NATO Genel Sekreteri Rutte: Ukrayna’ya NATO’ya üyelik sözü verilmedi

NATO Genel Sekreteri Mark Rutte, Belçika’nın başkenti Brüksel’de gerçekleştirilen NATO Savunma Bakanları Toplantısı’nın ardından açıklamalarda bulundu.

“UKRAYNA HER ŞARTTA SÜRECİN BİR PARÇASI OLACAKTIR”

Ukrayna için barış müzakerelerinin Ukrayna’nın katılımı olmadan yapılamayacağı hususunda tüm NATO üyelerinin hemfikir olup olmadıkları konusunda bir soru alan Rutte, “Öncelikle, müzakereler başladığında Ukrayna’nın olabilecek en iyi konumda olmasını sağlamamız gerektiği konusunda hemfikiriz. Bu konu Ukrayna’yı doğrudan ilgilendirdiği için, Ukrayna her şartta ve her şekilde sürecin bir parçası olacaktır. Aynı zamanda, sonuçların kalıcı olması gerektiği konusunda tam bir görüş birliği içerisindeyiz. Dün ABD Savunma Bakanı Pete Hegseth’in de belirttiği gibi, Minsk-3 anlaşmasını tekrar yaşamak istemiyoruz” dedi.

“UKRAYNA, MÜZAKERELERE ZAYIF BİR POZİSYONDA MI BAŞLAYACAK?”

ABD Başkanı Trump’ın müzakerelerin kısa süre içerisinde başlayacağını açıkladığı ve Ukrayna’nın müzakerelere zayıf bir konumda mı başlıyor olacağı yönünde bir soruya cevabında Rutte, “Sizinle tam olarak aynı fikirde değilim çünkü müzakereler başlasa bile birinci veya ikinci günde sona ermeyecek. Dolayısıyla, bu süreç boyunca görüşmelerin başarılı olmasını sağlamamız gerekiyor. Barış anlaşmasının yapılması önemli ancak Putin’in Batı’nın birlik içinde olduğunu ve Ukrayna’nın zafere ulaşmak için ihtiyaç duyduğu tüm desteği alıyor olduğunu anlaması çok önemli. Ayrıca müzakereleri, yalnızca sonucundan tamamen emin olduğumuzda yani ortaya çıkacak sonucun kalıcı ve sürdürülebilir olacağı garanti edildiğinde tamamlayacağımızı da anlaması gerek” dedi.

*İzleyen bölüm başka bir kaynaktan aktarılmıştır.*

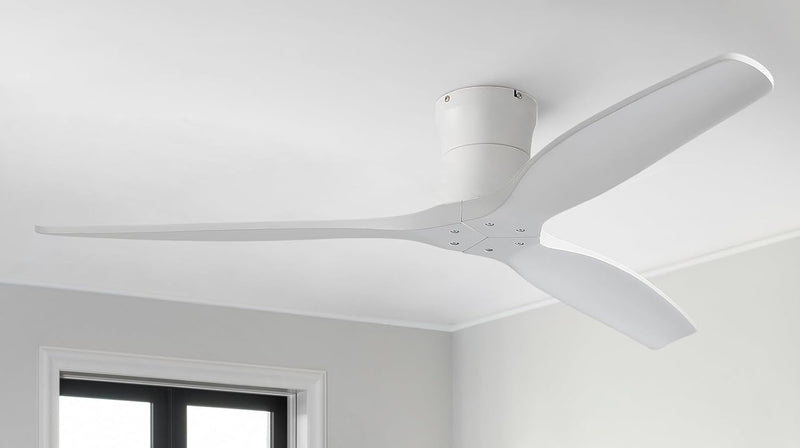 Smart Ceiling Fans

“PUTİN, ÇETİN BİR MÜZAKERECİ”

Putin’in savaşı bitirmeyi gerçekten istediğine inanıp inanmadığı yönündeki bir soru üzerine Rutte, “Tabii Başkan Putin’in aklında ne olduğunu tam olarak bilemem, siz de bilemezsiniz. 2010-2014 yılları arasında önceki görevim sırasında onunla birçok toplantı gerçekleştirdim. Kendisi çetin bir müzakereci ve oldukça öngörülemez biri. Ancak nihayetinde barış anlaşması yapmak istiyorsak, onun da masada olması gerek. Çünkü bu saldırganlık savaşını başlatan kişi kendisidir. Bu nedenle görüşmeleri öyle bir şekilde yürütmeliyiz ki, ortaya çıkan sonuç tüm dünya tarafından güçlü bir anlaşma olarak görülsün. Hint-Pasifik bölgesindeki Çin gibi ülkeler, Kuzey Kore ve hatta Orta Doğu’da İran gibi ülkeler, Batı’nın kazandığını açıkça görmeli” dedi.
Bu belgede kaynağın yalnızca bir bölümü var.